Saturday, September 1, 2012

U.S. election: Obama, Romney court battleground states


CHARLOTTE, N.C.—President Barack Obama embarked Saturday on a four-day swing through battleground states and the storm-battered Gulf Coast in the lead-up to the Democratic National Convention, beginning Tuesday, as he seeks to blunt any momentum picked up by Republican rival Mitt Romney.
As Democrats began streaming to Charlotte for their convention, Obama headed Saturday to Iowa on the first leg of a tour of states key to his hopes for winning re-election.

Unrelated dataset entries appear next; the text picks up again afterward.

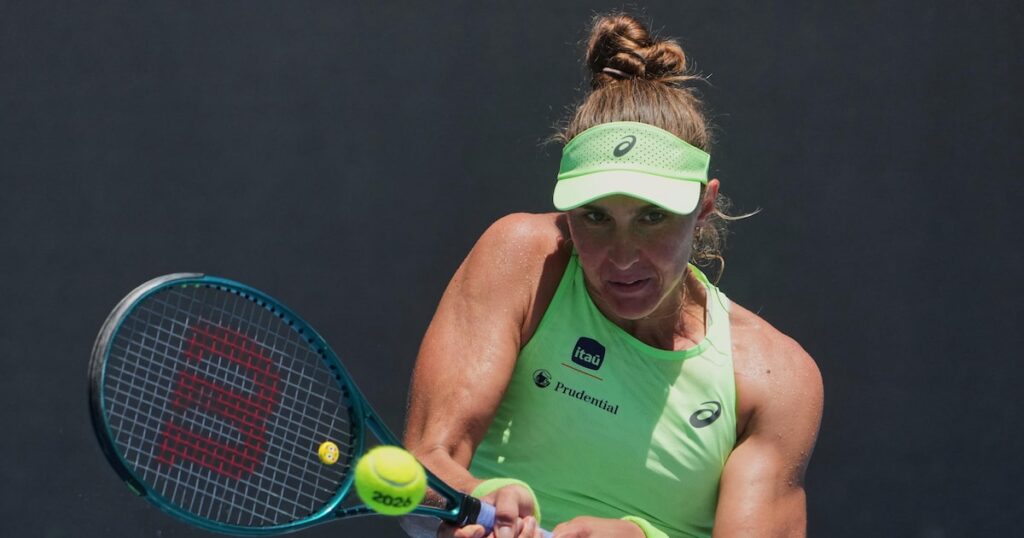 Bia Haddad é frente, Yulia Putinseva e essreia do Ashralian Open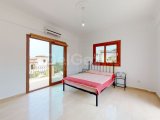 Girne, Esentepe Bölgesinde, Golf Residence'a 5 Dakika Mesafede, Engelsiz Deniz Manzaralı Satılık 3+1 Villa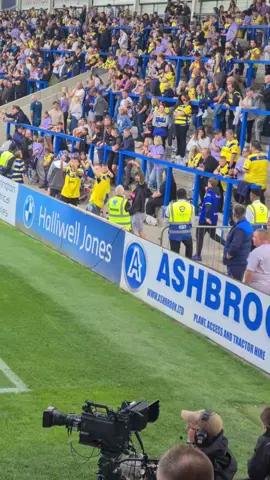 Some classy Warrington fans leaving the ground 🤣🤣 and the rest doing the Wigan walk with 15 mins left of the match shame they missed both their teams tries but they still got battered but maybe next year will be their year #leighleopards #warringtonwolves #superleague #rugby #walkofshame  @Betfred Super League @Leigh Leopards @Warrington Wolves 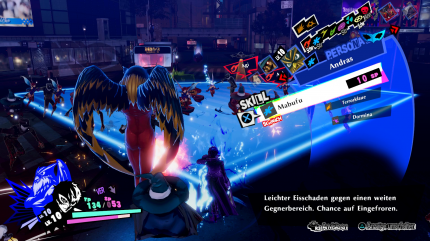 Die Kämpfe laufen prinzipiell mit Gegnerscharen im Musou-Stil ab, erlauben euch aber eine kleine Verschnaufspause, sobald ihr das Persona-Auswahlmenü aufruft.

Romney, for his part, looked to capitalize on a newly energized Republican Party fresh from its convention last week in Tampa, Fla.
Both candidates were crisscrossing the country as the race entered September, each day adding to the sense of urgency in a presidential contest that has remained tight since Romney sewed up the nomination in April. Both campaigns recognize that undecided elements of the electorate, including those in about eight key states, will begin to fully assess their options through the conventions and the upcoming debates in the weeks ahead before the Nov. 6 election.
Obama accused Romney and Republicans at their three-day convention in Tampa of offering outdated ideas that are ill-suited to voters.
“Despite all the challenges that we face in this new century, what they offered over those three days was, more often than not, an agenda that was better suited for the last century,” Obama said in Urbandale, Iowa, on a sprawling 500-acre property that serves as a museum of farming history.
“It was a rerun. We’d seen it before. You might as well have watched it on a black-and-white TV,” the president said.
At a rally in Cincinnati, Ohio, Romney vowed to bring more jobs to the country, pointing to the 23 million people out of work or underemployed.
“If you have a coach that’s 0 and 23 million, you say it’s time to get a new coach,” Romney said in a retooled campaign speech as the college football season kicked off across the U.S. “It’s time for America to see a winning season again, and we’re going to bring it to them.”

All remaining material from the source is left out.